▶ [Assignment] Output each record below exactly. No images go in the copy.

(Short descriptive text snippets)
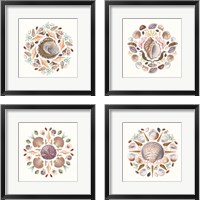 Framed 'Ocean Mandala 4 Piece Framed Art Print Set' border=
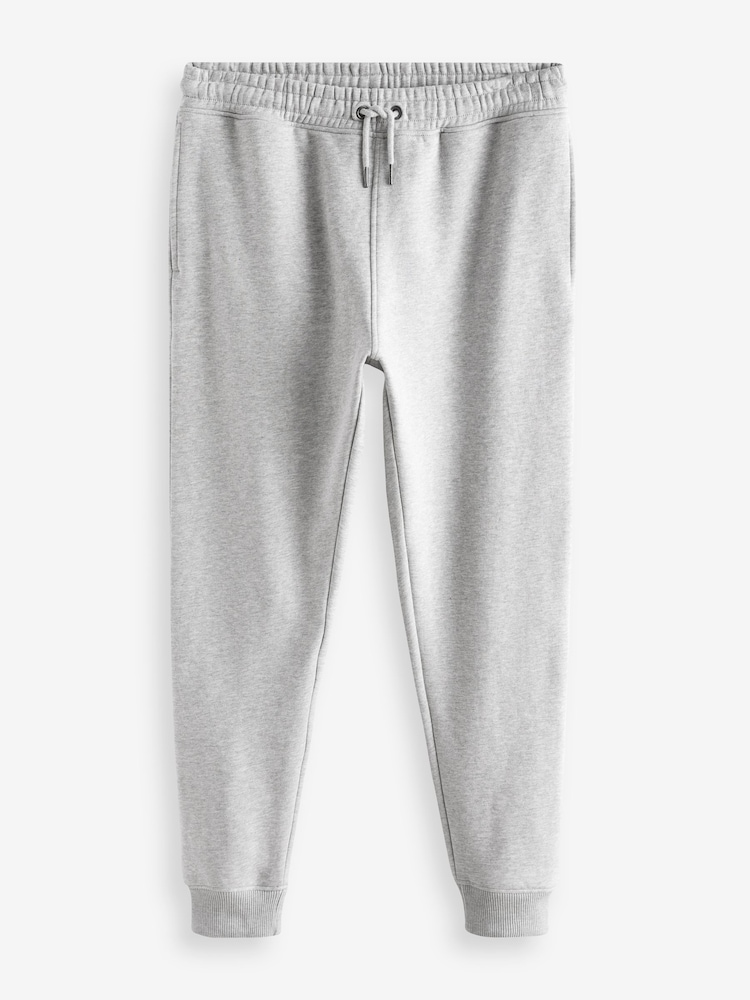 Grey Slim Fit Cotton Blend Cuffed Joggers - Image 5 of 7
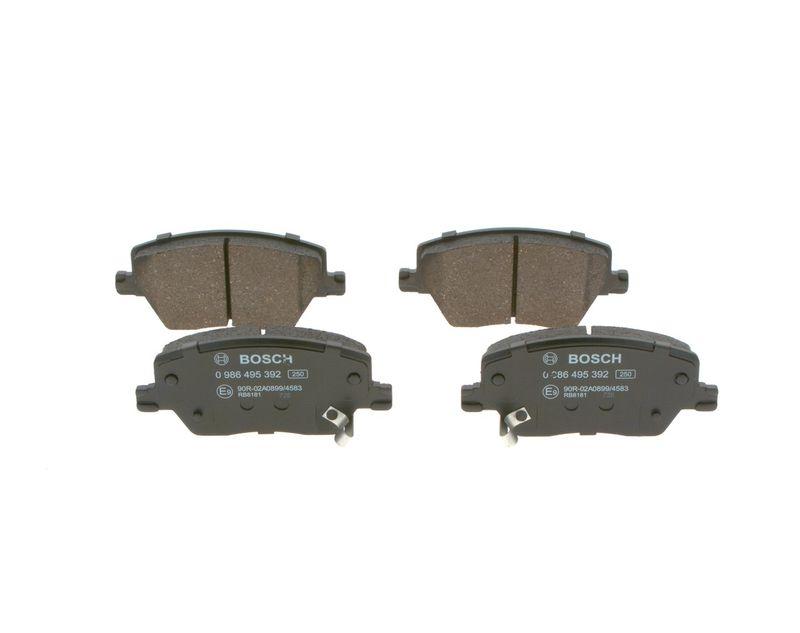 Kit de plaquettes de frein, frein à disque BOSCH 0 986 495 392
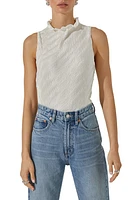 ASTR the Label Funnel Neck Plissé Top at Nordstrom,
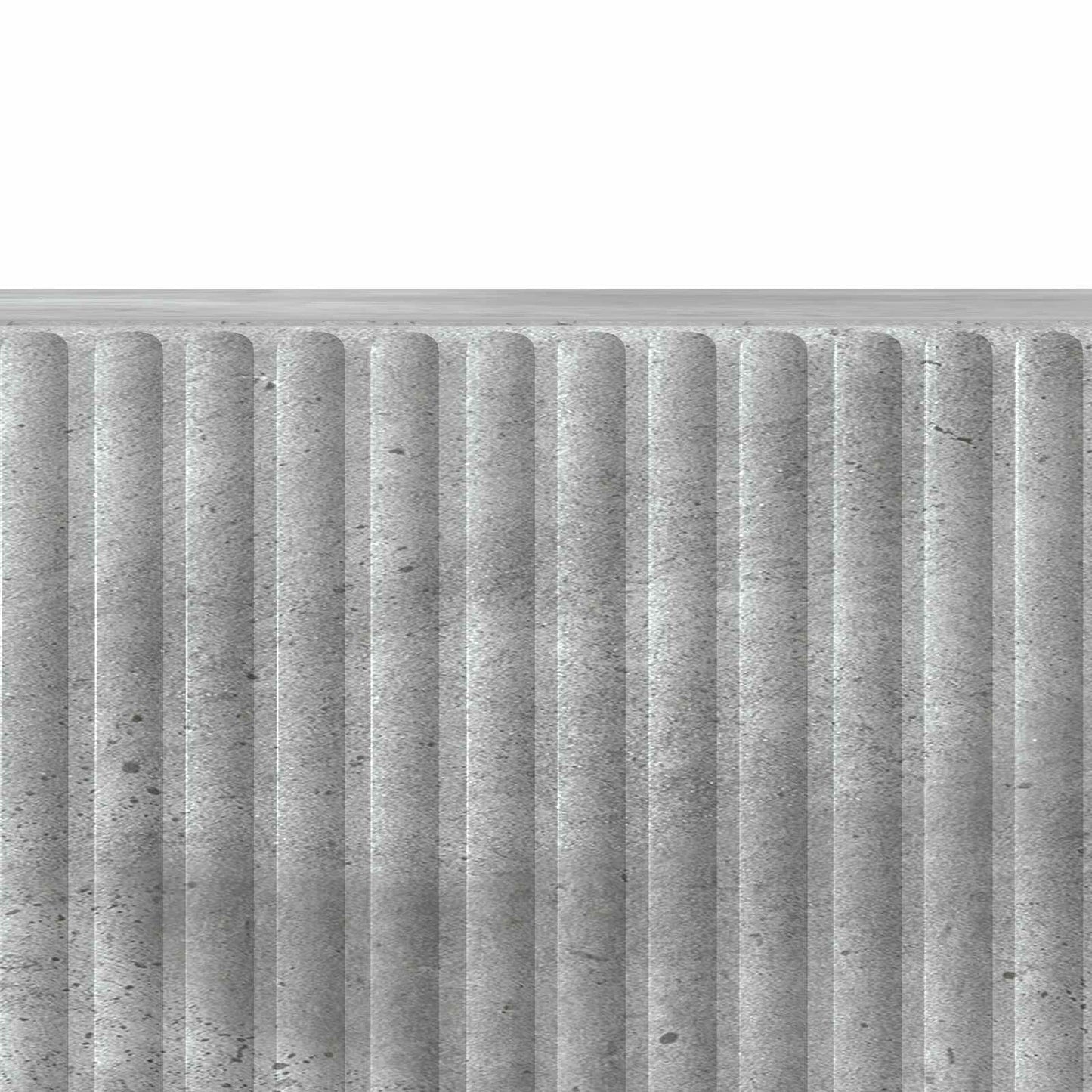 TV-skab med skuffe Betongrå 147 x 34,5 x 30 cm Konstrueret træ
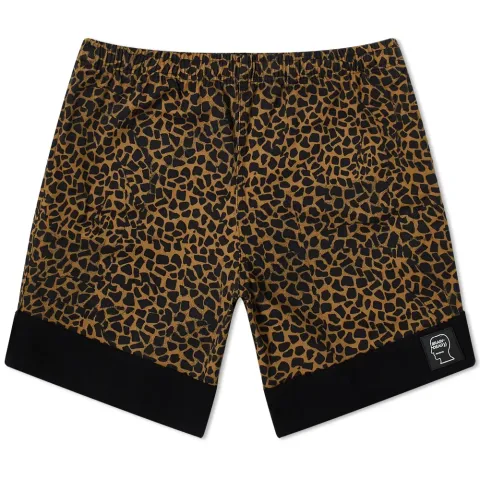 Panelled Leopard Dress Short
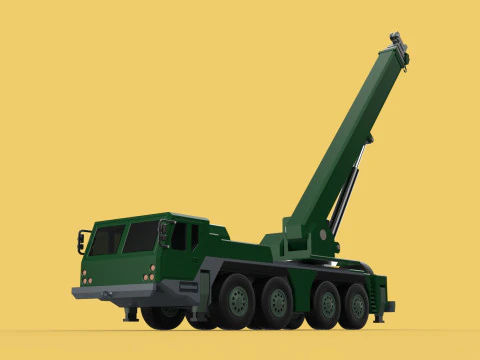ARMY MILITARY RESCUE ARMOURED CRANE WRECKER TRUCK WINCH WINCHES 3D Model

▶ [Answer for the task]
 Framed 'Ocean Mandala 4 Piece Framed Art Print Set' border=
 Grey Slim Fit Cotton Blend Cuffed Joggers - Image 5 of 7
 Kit de plaquettes de frein, frein à disque BOSCH 0 986 495 392
 ASTR the Label Funnel Neck Plissé Top at Nordstrom,
 TV-skab med skuffe Betongrå 147 x 34,5 x 30 cm Konstrueret træ
 Panelled Leopard Dress Short
ARMY MILITARY RESCUE ARMOURED CRANE WRECKER TRUCK WINCH WINCHES 3D Model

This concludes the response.